I'm looking to monkey-patch require() to replace its file loading with my own function. I imagine that internally require(module_id) does something like:
Convert module_id into a file path
Load the file path as a string
Compile the string into a module object and set up the various globals correctly
I'm looking to replace step 2 without reimplementing steps 1 + 3. Looking at the public API, there's require() which does 1 - 3, and require.resolve() which does 1. Is there a way to isolate step 2 from step 3?
I've looked at the source of require mocking tools such as mockery -- all they seem to be doing is replacing require() with a function that intercepts certain calls and returns a user-supplied object, and passes on other calls to the native require() function.
For context, I'm trying to write a function require_at_commit(module_id, git_commit_id), which loads a module and any of that module's requires as they were at the given commit.
I want this function because I want to be able to write certain functions that a) rely on various parts of my codebase, and b) are guaranteed to not change as I evolve my codebase. I want to "freeze" my code at various points in time, so thought this might be an easy way of avoiding having to package 20 copies of my codebase (an alternative would be to have "my_code_v1": "git://..." in my package.json, but I feel like that would be bloated and slow with 20 versions).
Update:
So the source code for module loading is here: https://github.com/joyent/node/blob/master/lib/module.js. Specifically, to do something like this you would need to reimplement Module._load, which is pretty straightforward. However, there's a bigger obstacle, which is that step 1, converting module_id into a file path, is actually harder than I thought, because resolveFilename needs to be able to call fs.exists() to know where to terminate its search... so I can't just substitute out individual files, I have to substitute entire directories, which means that it's probably easier just to export the entire git revision to a directory and point require() at that directory, as opposed to overriding require().
Update 2:
Ended up using a different approach altogether... see answer I added below

You can use the require.extensions mechanism. This is how the coffee-script coffee command can load .coffee files without ever writing .js files to disk.
Here's how it works:
https://github.com/jashkenas/coffee-script/blob/1.6.2/lib/coffee-script/coffee-script.js#L20
loadFile = function(module, filename) {
var raw, stripped;
raw = fs.readFileSync(filename, 'utf8');
stripped = raw.charCodeAt(0) === 0xFEFF ? raw.substring(1) : raw;
return module._compile(compile(stripped, {
filename: filename,
literate: helpers.isLiterate(filename)
}), filename);
};
if (require.extensions) {
_ref = ['.coffee', '.litcoffee', '.md', '.coffee.md'];
for (_i = 0, _len = _ref.length; _i < _len; _i++) {
ext = _ref[_i];
require.extensions[ext] = loadFile;
}
}
Basically, assuming your modules have a set of well-known extensions, you should be able to use this pattern of a function that takes the module and filename, does whatever loading/transforming you need, and then returns an object that is the module.
This may or may not be sufficient to do what you are asking, but honestly from your question it sounds like you are off in the weeds somewhere far from the rest of the programming world (don't take that harshly, it's just my initial reaction).

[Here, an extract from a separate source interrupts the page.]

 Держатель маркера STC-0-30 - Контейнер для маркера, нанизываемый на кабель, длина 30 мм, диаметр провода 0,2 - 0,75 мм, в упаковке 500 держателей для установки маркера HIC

So rather than mess with the node require() module, what I ended up doing is archiving the given commit I need to a folder. My code looks something like this:
# commit_id is the commit we want
# (note that if we don't need the whole repository,
# we can pass "commit_id path_to_folder_we_need")
#
# path is the path to the file you want to require starting from the repository root
# (ie 'lib/module.coffee')
#
# cb is called with (err, loaded_module)
#
require_at_commit = (commit_id, path, cb) ->
dir = 'old_versions' #make sure this is in .gitignore!
dir += '/' + commit_id
do_require = -> cb null, require dir + '/' + path
if not fs.existsSync(dir)
fs.mkdirSync(dir)
cmd = 'git archive ' + commit_id + ' | tar -x -C ' + dir
child_process.exec cmd, (error) ->
if error
cb error
else
do_require()
else
do_require()

Related

get location of script requiring current script

I need to do some file operations with paths relative to the script that required the current one.
Say we have the following in ~/somewhere/file2.js
const y = require('~/file1.js');
And in ~/file1.js we have:
const x = require('./other/script.js'); //relative to ~/file1.js
And we invoke it like this:
cd ~/somedir
node ~/somewhere/file2.js
then within ~/other/script.js we can do this:
console.log(__dirname); // -> ~/other
console.log(__filename); // -> ~/other/script.js
console.log(process.cwd()); // -> ~/somedir
console.log(process.argv[0]); // -> path/to/node
console.log(path.resolve('.')); // -> ~/somedir
console.log(process.argv[1]); // -> ~/somewhere/file2.js
None of these are the path I need.
How, from ~other/script.js, can I determine the location of the script that required us - i.e ~/file1.js
To put it another way.
~/somewhere/file2.js requires ~/file1.js
and
~/file1.js requires ~/other/script.js
from within ~/other/script.js I need to do file operations relative to ~/somewhere/file1.js - how can I get it's location?
I actually only need the directory in which file1.js sits, so filename or directory will work for me.
You can use module.parent.filename inside of other/script.js, or you can pass the __dirname as a parameter to your module like require('other/script.js')(__dirname) (given your module exports a function)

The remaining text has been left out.